[Start of Attachment]

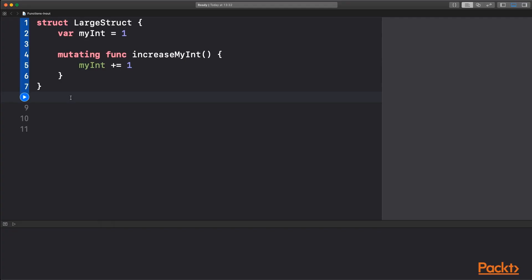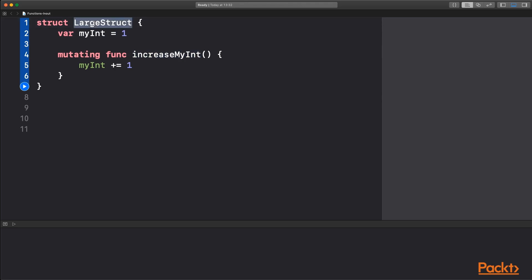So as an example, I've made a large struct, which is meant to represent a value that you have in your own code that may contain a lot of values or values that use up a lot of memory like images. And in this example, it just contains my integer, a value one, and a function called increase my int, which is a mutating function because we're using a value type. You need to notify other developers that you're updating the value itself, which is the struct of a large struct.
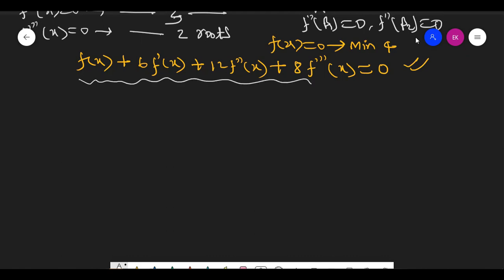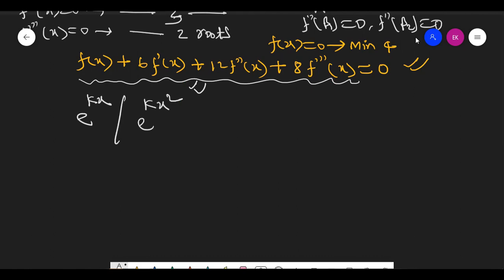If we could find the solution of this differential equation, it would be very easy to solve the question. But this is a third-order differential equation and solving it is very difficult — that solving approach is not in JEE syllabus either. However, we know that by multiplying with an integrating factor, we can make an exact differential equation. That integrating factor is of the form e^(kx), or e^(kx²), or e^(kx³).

[End of Attachment]
[Start of Attachment]

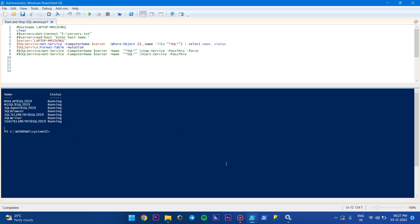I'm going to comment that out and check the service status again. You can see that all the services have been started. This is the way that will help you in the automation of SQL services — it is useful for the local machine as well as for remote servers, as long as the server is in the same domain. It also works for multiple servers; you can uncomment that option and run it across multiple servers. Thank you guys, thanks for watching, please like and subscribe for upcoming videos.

[End of Attachment]

**About this exercise**.
Above is the material; set down exactly its lines from the one containing "So as an example, I've" down to the one containing "If we could", both included, leaving out any pictures.

**Answer area**.
So as an example, I've made a large struct, which is meant to represent a value that you have in your own code that may contain a lot of values or values that use up a lot of memory like images. And in this example, it just contains my integer, a value one, and a function called increase my int, which is a mutating function because we're using a value type. You need to notify other developers that you're updating the value itself, which is the struct of a large struct.
If we could find the solution of this differential equation, it would be very easy to solve the question. But this is a third-order differential equation and solving it is very difficult — that solving approach is not in JEE syllabus either. However, we know that by multiplying with an integrating factor, we can make an exact differential equation. That integrating factor is of the form e^(kx), or e^(kx²), or e^(kx³).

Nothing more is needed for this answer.